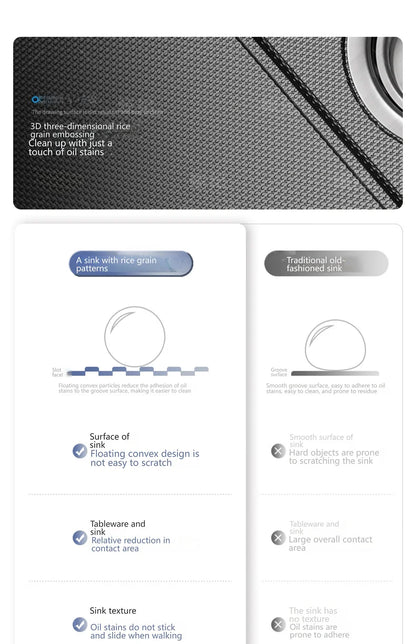 Stainless Steel Kitchen Sink Gray Household Large Single Slot Wash Vegetables and Dish Basin Multifunctional Dish Basin Sink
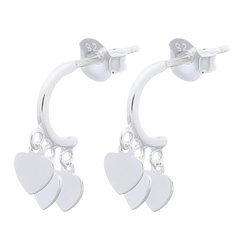 Shaking Hearts On 925 Silver Stud Earrings by BeYindi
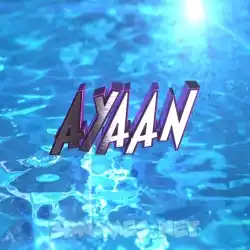 ayaan in Water 2015 style - 3D name wallpaper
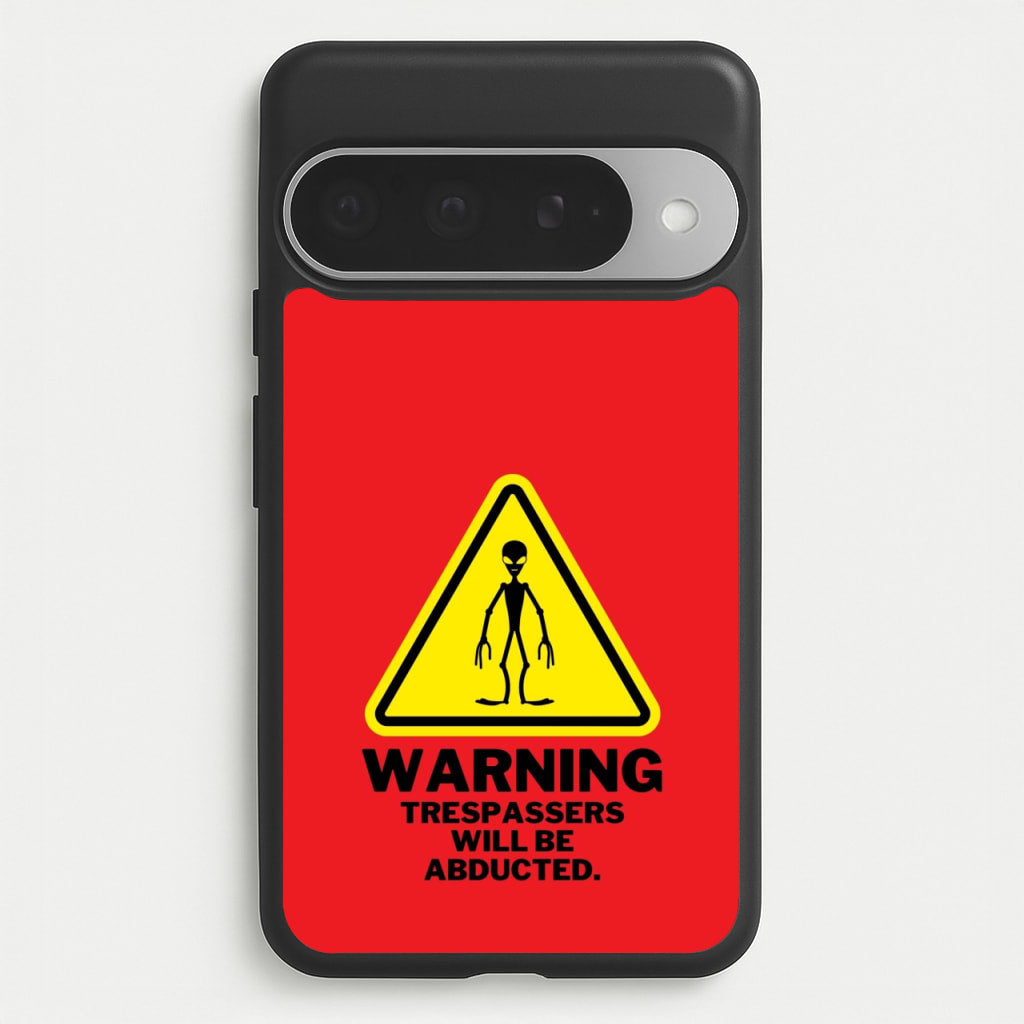Warning Abduction - Space Phone Case for Google Pixel 10 Pro XL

### PROBLEM REQUIREMENTS
All of the data must be given again exactly, without the pictures.

### RESPONSE TO THIS TASK
 Stainless Steel Kitchen Sink Gray Household Large Single Slot Wash Vegetables and Dish Basin Multifunctional Dish Basin Sink
 Shaking Hearts On 925 Silver Stud Earrings by BeYindi
 ayaan in Water 2015 style - 3D name wallpaper
Warning Abduction - Space Phone Case for Google Pixel 10 Pro XL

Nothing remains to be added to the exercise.